In Delhi, General Musharraf and Mr Singh agreed to increase the frequency of the buses, which initially will travel only once a fortnight. They also agreed to let goods lorries ply the route, to open others and to agree meeting points along the line of control for divided families and trade. The hope is that a “soft border” will both improve the lives of Kashmiris on either side and bring a final settlement closer. Beyond Kashmir, there were moves designed to promote bilateral trade, such as reactivating a moribund joint economic commission. A dispute over a dam being built in Indian Kashmir—the trickiest bilateral economic issue of the moment—was simply ignored in the leaders’ joint statement.

All of this fits in with a strategy pursued by India since Mr Singh’s predecessor, Atal Bihari Vajpayee, whom General Musharraf also visited, offered Pakistan “the hand of friendship” two years ago. It has sought to build confidence through increasing contacts, expanding economic ties, and taking advantage of the popularity in both countries of moves towards peace.

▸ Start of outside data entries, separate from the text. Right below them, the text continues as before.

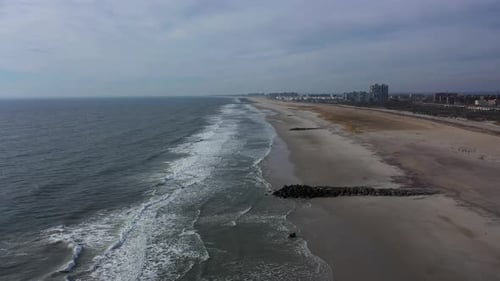 A drone view of an empty beach on a cloudy day. The camera dolly in over the calm waters, as the wav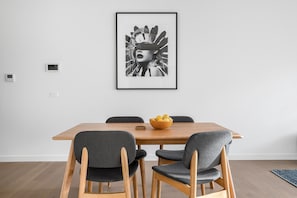 Un comedor con una mesa de madera, cuatro sillas grises tapizadas y una obra de arte blanco y negro enmarcada en la pared.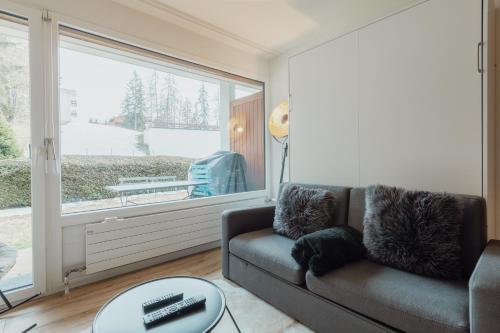a living room with a couch and a large window at Studio rénové et élégant en plein centre in Crans-Montana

In doing so, it has had to counter the suspicions of many in Pakistan and Kashmir that India was seeking to enmesh Pakistan in a spider’s web of minor accords without ever tackling the central dispute: Kashmir. Both countries claim all of the territory, though India has long let it be known that it would settle for the status quo. Many in Kashmir itself, however, yearn for independence from both countries. For 15 years, the Indian part has suffered a bloody insurgency, abetted by Pakistan.

In Delhi, General Musharraf met separatist leaders from Indian-held Kashmir. Moderates among them have welcomed recent peace moves, while bemoaning the lack of a Kashmiri seat at the negotiating table. But hardliners accused General Musharraf of betrayal. No longer, as they would like, and as Pakistan used to argue, is a settlement of the dispute seen as a precondition to improved relations. Rather, it is hoped that, in a benign bilateral climate, a solution might emerge.

That still looks a tall order. General Musharraf argued that the route to a settlement would have to stay within three guidelines: India’s insistence that no boundaries can be redrawn; Pakistan’s refusal to accept the line of control; and the two countries’ agreement that borders must become less important. But the first two of these are mutually incompatible; and the flexibility and vagueness needed to blur the contradiction seem at odds with General Musharraf’s insistence that there must be a “final settlement”.

Yet the two leaders have agreed that they will not “allow terrorism to impede the peace process”. That is a striking promise, implying both that Pakistan is distancing itself further from “freedom fighters” in Kashmir, and that India is not going to react to every terrorist attack as if it were an act of Pakistani aggression. True peace may be a long way off, but the threat of war is no longer just one atrocity away.